Since he launched Sawstop LLC a decade ago, Gass has addressed the situation by building and selling saws of his own. During that time, he's sold 30,000 of them. His technology has reportedly saved more than a thousand fingers -- that is, fingers that touched the blades and received minor cuts but were not severed. None of his customers have lost a finger as yet. Soon, Gass plans to extend his technology from professional table saws to consumer saws, and then to handheld circular saws.
But while Gass has been building and selling saws, the Consumer Product Safety Commission has re-visited his case. In May, the organization voted again to allocate resources to prepare for new rulemaking, Gass says. If a so-called "performance requirement" results, the CPSC could call for a mandate on an active injury mitigation system in table saws.

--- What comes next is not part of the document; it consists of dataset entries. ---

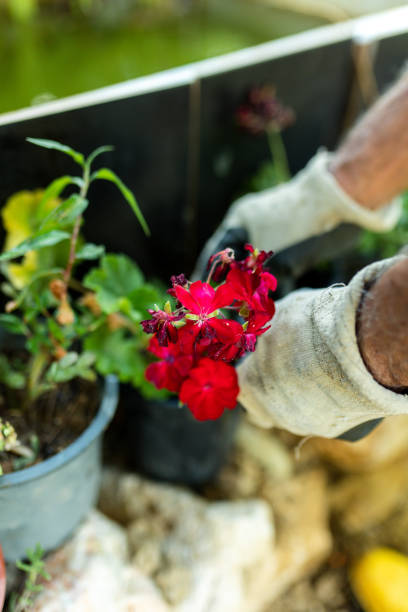 istock Mature gardener planting flowers 1408027491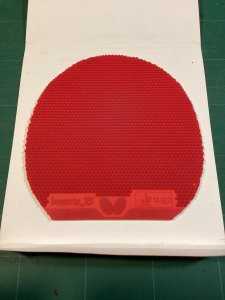 IMG_1210.jpeg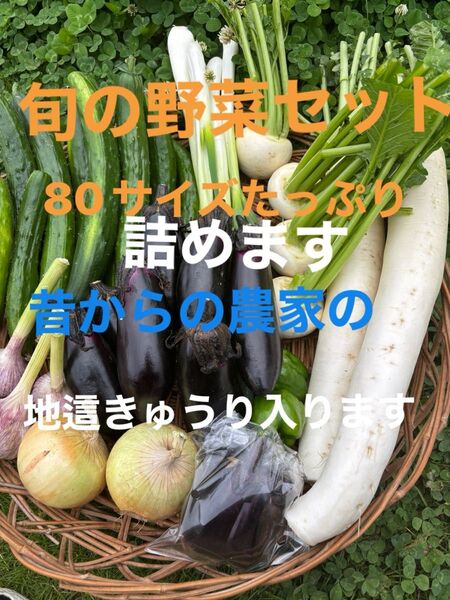 野菜セット紫ニンニク(皮が薄紫)大根ナス長ネギ玉ねぎ ジャガイモきゅうりピーマンなどの中からおまかせで梱包 農薬不使用又は低農薬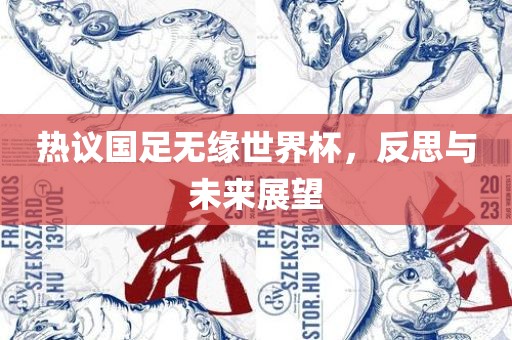 热议国足无缘漯河市盈旭机械设备有限公司世界杯，反思与未来展望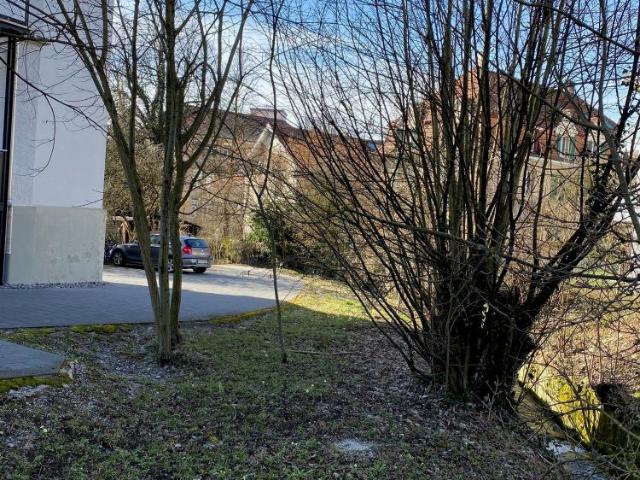 Apartment mieten in Solothurn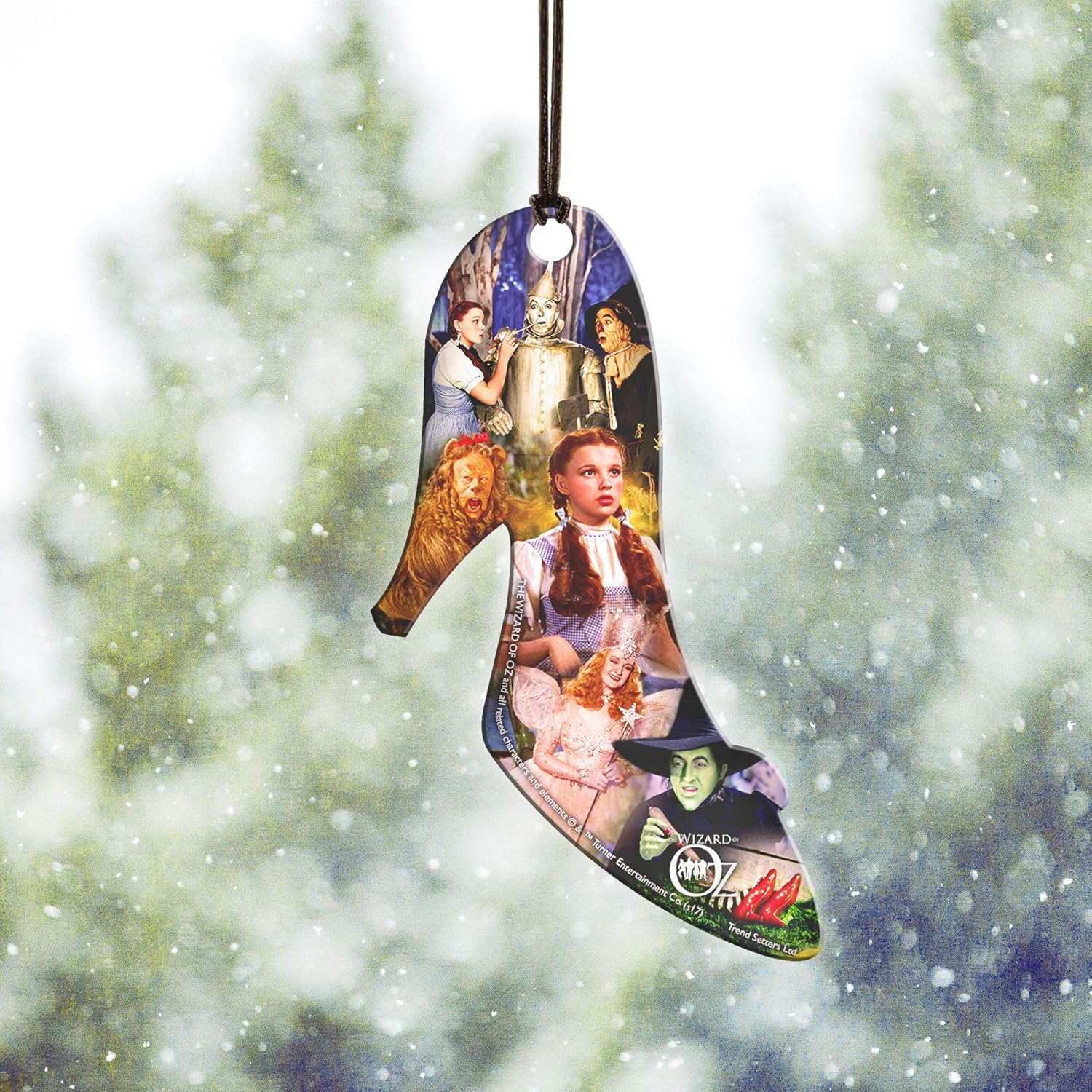 Trend Setters Wizard of Oz Ruby Slipper Hanging Acrylic Shaped Print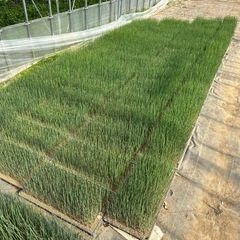 ネギ苗　一箱につき1000円　残り全部で100箱あります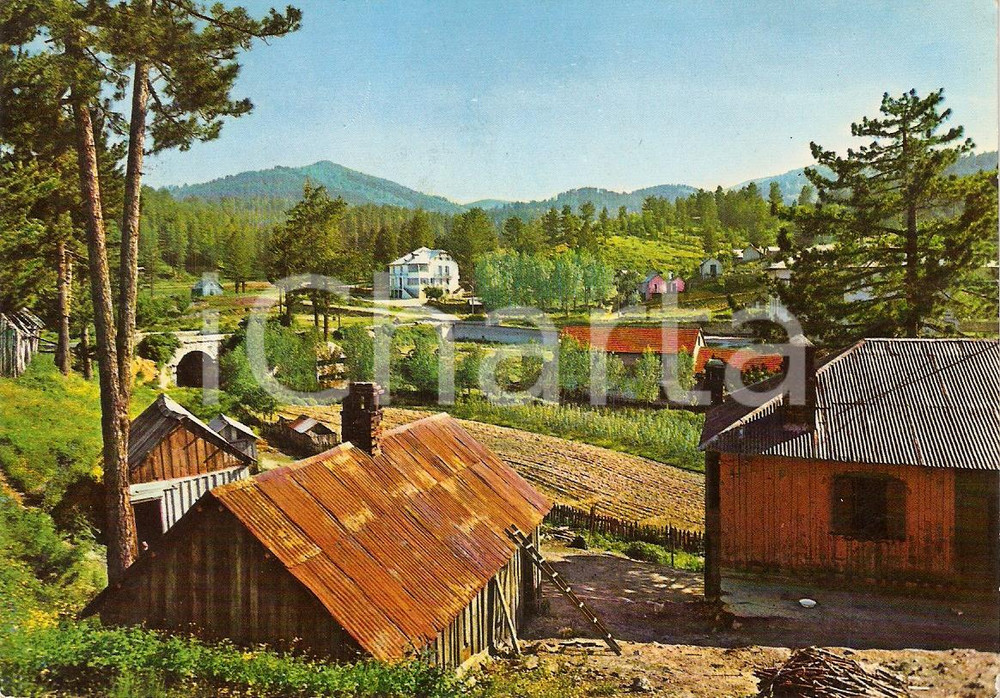 Cartolina originale da collezione 1965 CAMIGLIATELLO SILANO CS Veduta di MOCCONE Cartolina vintage FG VG 1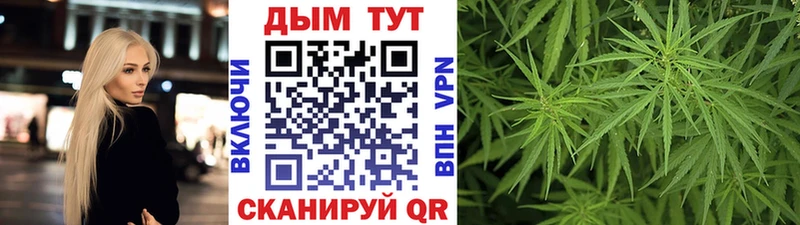 Шишки марихуана марихуана  Голицыно 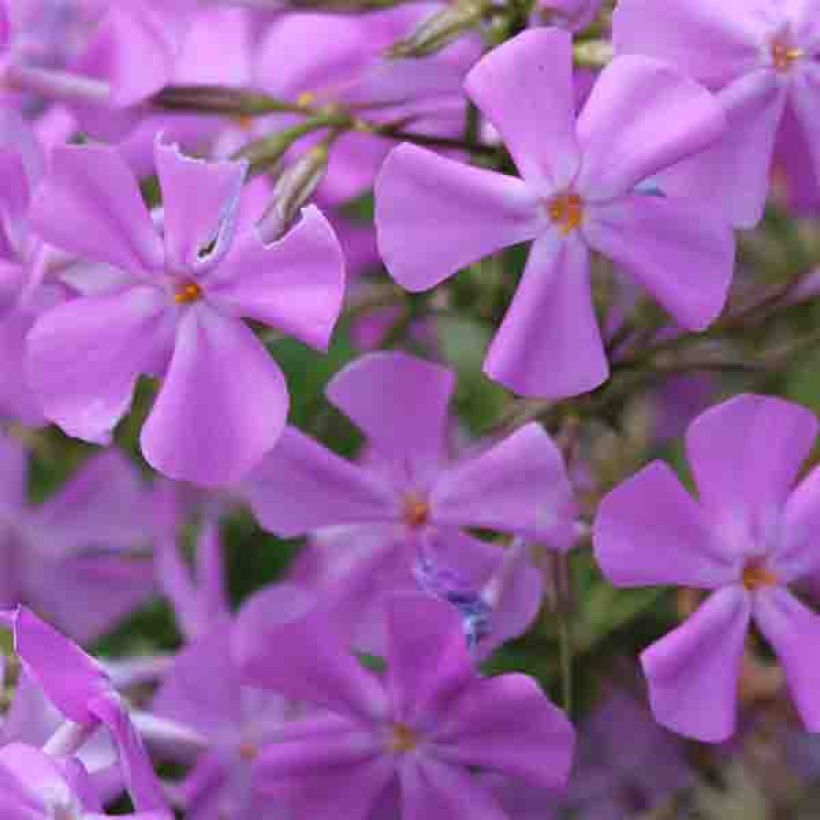 Phlox carolina Bill Baker - Vlambloem (Flowering)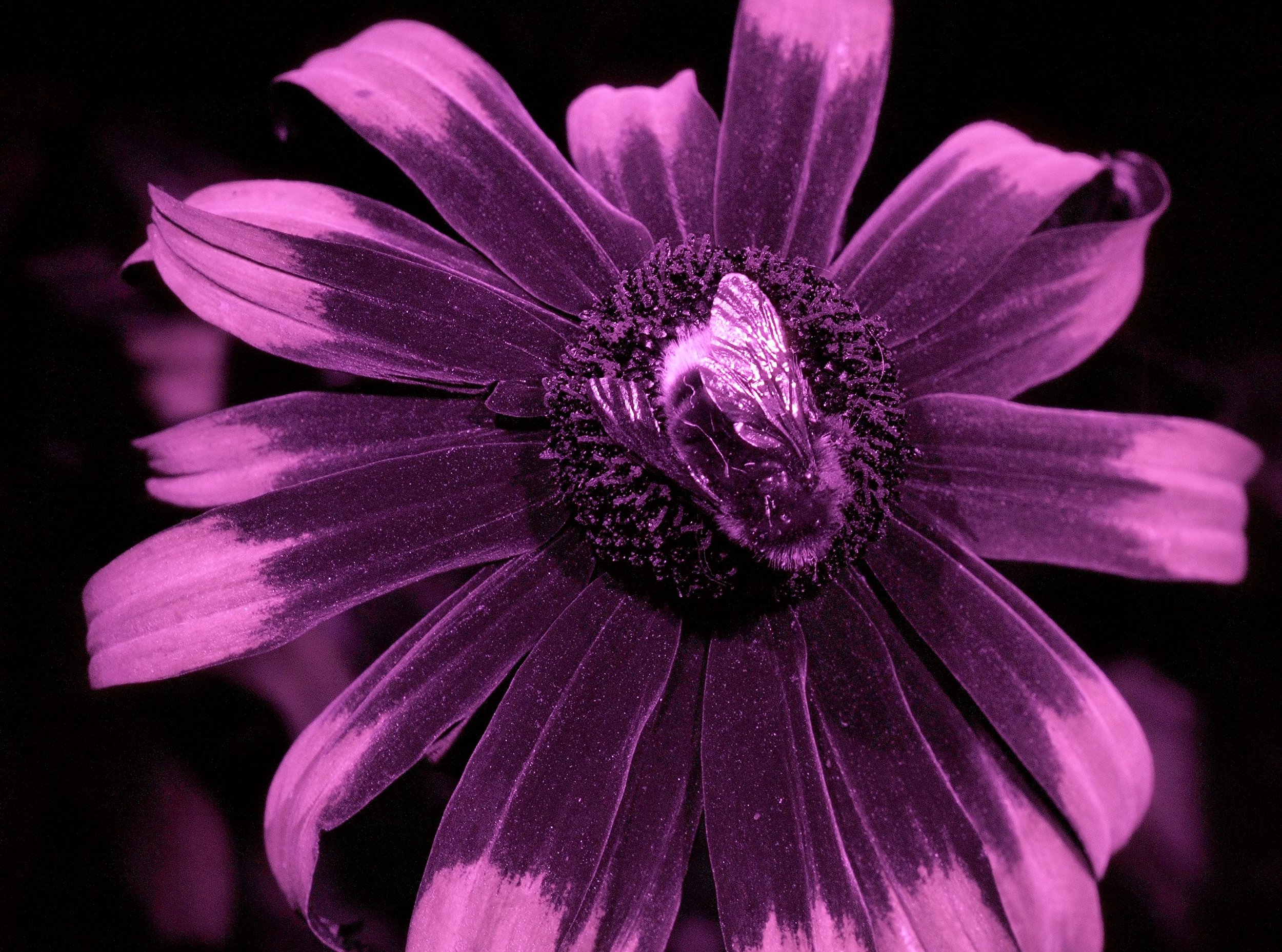 dalmatinus UV large.jpg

To be sure, the government wouldn’t mandate use of Gass's particular technology. But it could require incorporation of a technology that employs an active sensing and prevention system. In addition, Gass says Underwriters Laboratories (UL) is considering writing a standard for an active mitigation system, as well. UL did not return calls regarding this.
Gass considers that a victory. And after 12 years, he believes his work continues to be significant. "It seems that whenever I sit on an airplane, someone next to me says their dad, brother, uncle, or friend had an accident with a saw," he says. "It's just so commonplace."
He claims he's never been sorry that he left a thriving law practice for his new life as a manufacturer. "It was a disappointment that it didn't work out in a year or two," he says. "But I enjoy what I do here. I enjoy working on technology. I'm just a geek at heart."